### PROBLEM DETAILS:
A faithful copy is required of the lines from the top of the entries through the line that contains "Tangkula Hand Crank", both included, with no pictures.

(Short text fragments from websites)
━━━━━━━━
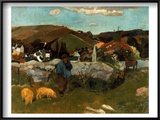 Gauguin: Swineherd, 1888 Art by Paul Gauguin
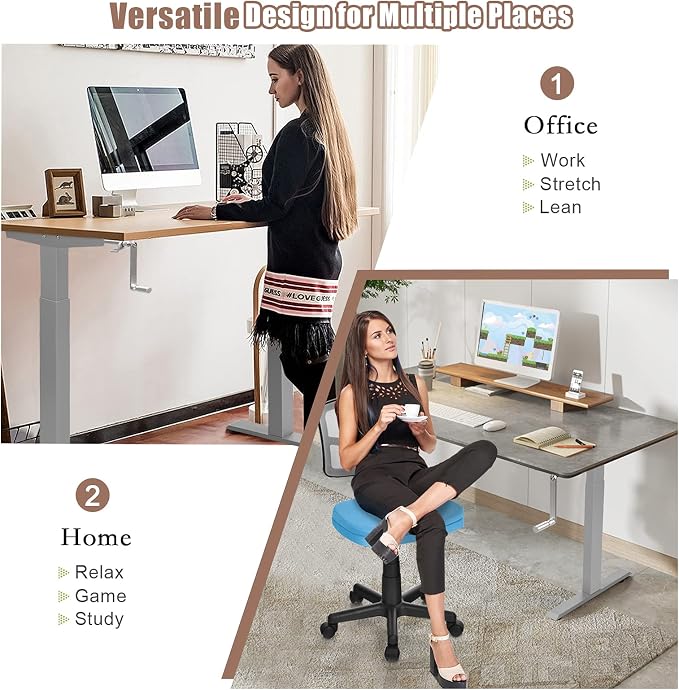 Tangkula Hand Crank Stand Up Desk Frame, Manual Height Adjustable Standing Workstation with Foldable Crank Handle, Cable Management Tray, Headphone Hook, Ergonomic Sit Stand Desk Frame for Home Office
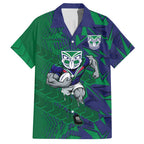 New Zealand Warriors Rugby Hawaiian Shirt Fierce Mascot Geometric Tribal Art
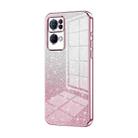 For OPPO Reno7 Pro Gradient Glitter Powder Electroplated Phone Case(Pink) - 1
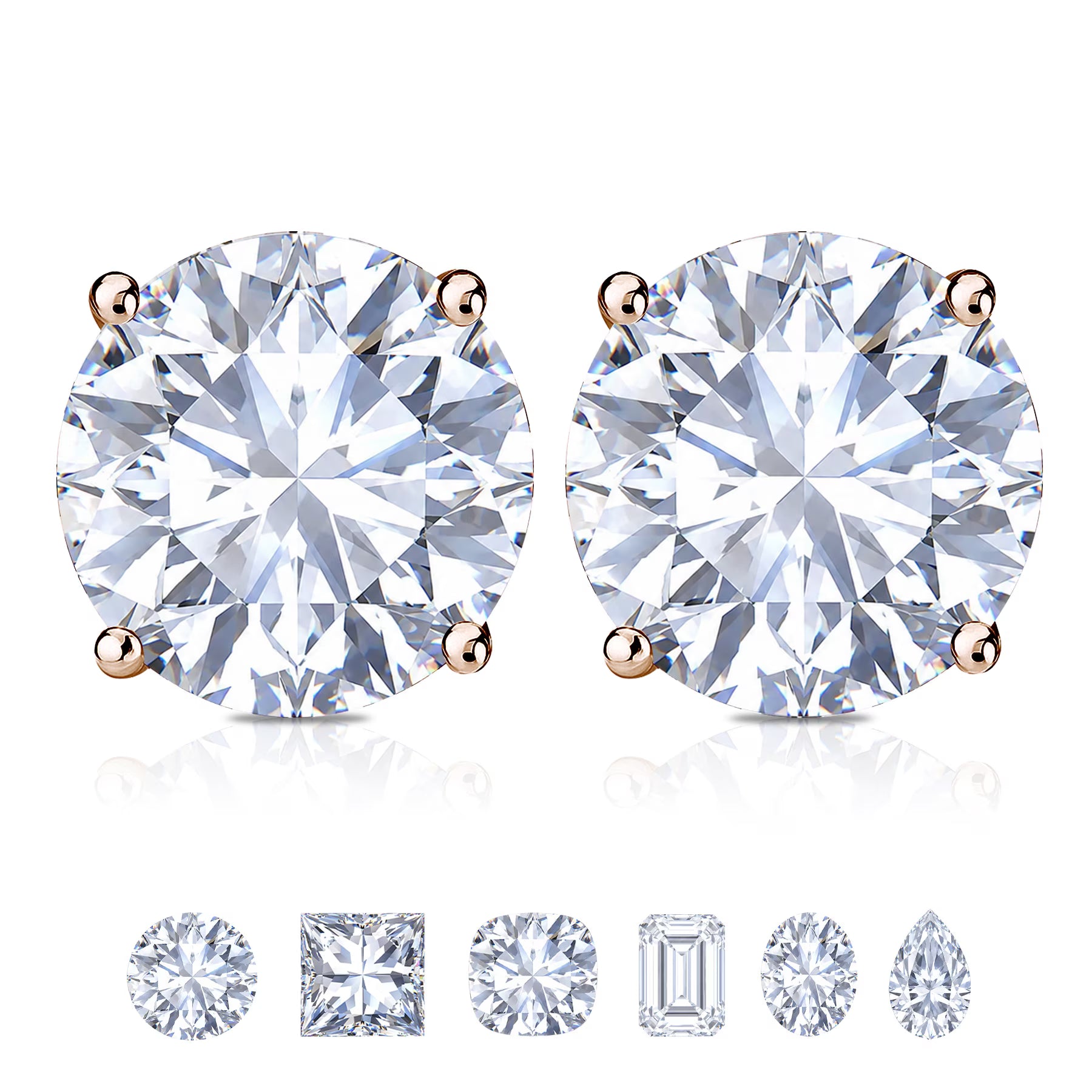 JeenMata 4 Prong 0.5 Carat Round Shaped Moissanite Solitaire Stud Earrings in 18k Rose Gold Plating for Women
━━━━━━━━
### EXPECTED ANSWER:
 Gauguin: Swineherd, 1888 Art by Paul Gauguin
 Tangkula Hand Crank Stand Up Desk Frame, Manual Height Adjustable Standing Workstation with Foldable Crank Handle, Cable Management Tray, Headphone Hook, Ergonomic Sit Stand Desk Frame for Home Office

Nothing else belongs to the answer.